GENRE: Romance, Drama
LOGLINE:

After unexpected and intriguing events enter the life of an unhappy, yet caring 1940s young woman in rural France, she goes through introspection by meeting a whimsical artist.

WITH THE SOUTH WIND

View screenplay
Leonardo Ramirez

Rated this logline

Leonardo Ramirez

It sounds beautiful!

Milica A.

@LeonardoRamirez Thank you so much ~ Shouldn't it be a bit shorter?

Maurice Vaughan

This sounds like a really unique Romance Drama, Milica A.. I would definitely watch this.

I think your logline needs some work. Here’s a logline template that might help:

“After ______ (the inciting incident/the event that sets the plot in motion), a _______ (an adjective and the protagonist's position/role) tries to _______ (goal of story) so ________ (stakes).”

Loglines are one or two sentences (a one-sentence logline sounds better and it takes less time for a producer, director, etc. to read it). You can add the antagonist in the logline. The inciting incident can also be at the end of the logline.

Avoid using names in a logline (unless it's a Biopic or a famous story -- like a fairy tale). Use an adjective and the protagonist's position/role instead of a name.

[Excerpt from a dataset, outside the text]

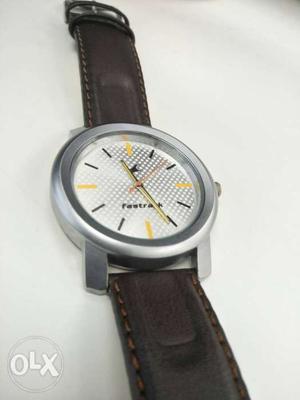 Fastrack belt watch only 15 days used... good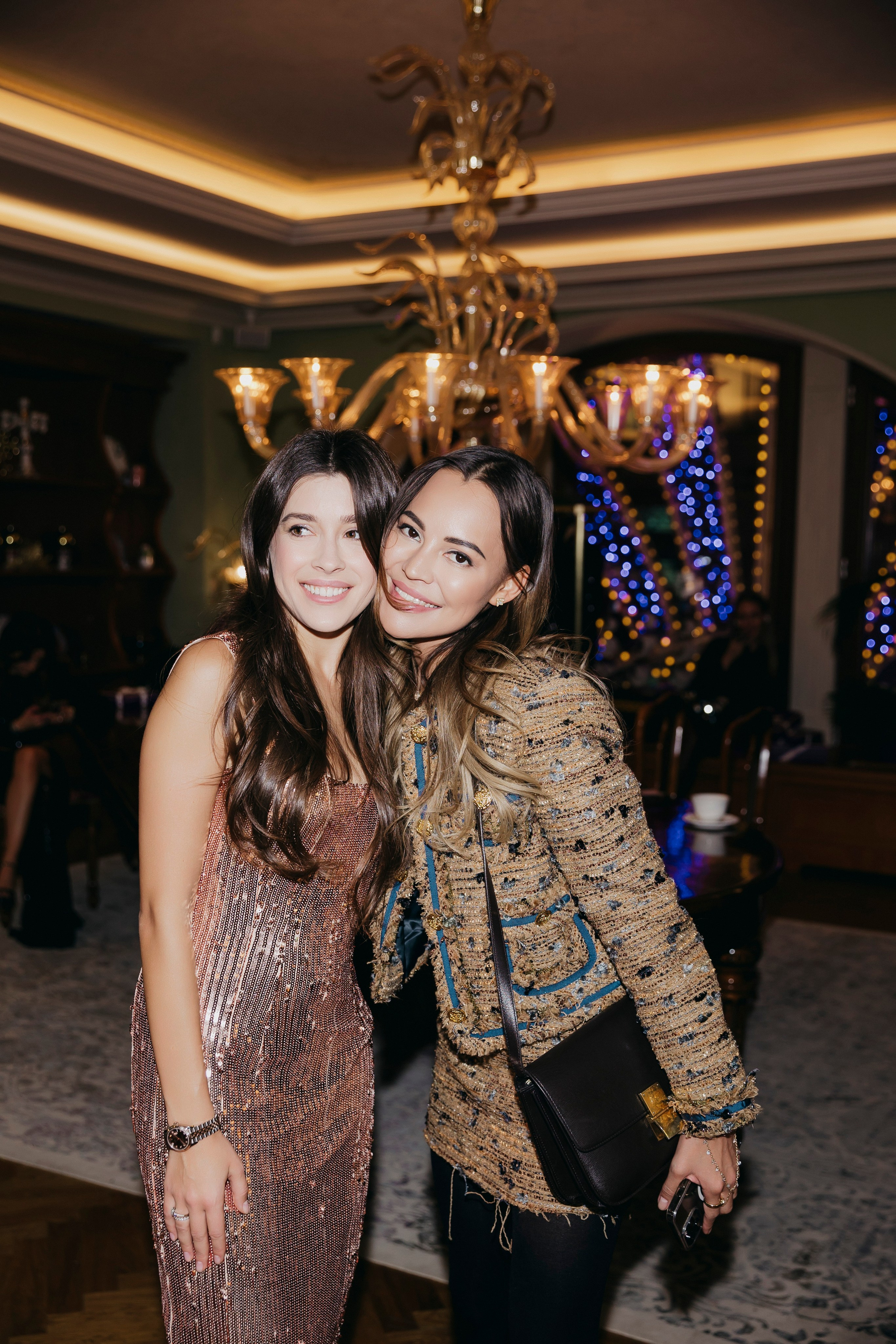 Алена Бердова и Дарина Алексеева на девичнике Алены Бердовой в Bosco Ceremony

Avoid using “must” in loglines because “must” sounds like the protagonist is forced to do whatever the goal of the story is (instead of the protagonist doing it willingly), and “must” doesn’t sound active. Audrey Knox (a TV literary manager) also said this during a logline review webinar on Stage 32 (https://www.stage32.com/webinars/The-Write-Now-Challenge-The-Logline-Rev...). Instead of using “must,” use “attempts to,” “fights to,” “struggles to,” “strives to,” “sets out to,” “fights,” “battles,” “engages in,” “participates,” “competes,” etc.

Example #1:

“After a group of dog criminals arrives in a small town, an impulsive dog sheriff defends a dog treat factory so they won’t steal food that’s meant for hungry dog families.”

Example #2:

“A dysfunctional couple works together to survive against bears after they crash on an abandoned road miles from help.”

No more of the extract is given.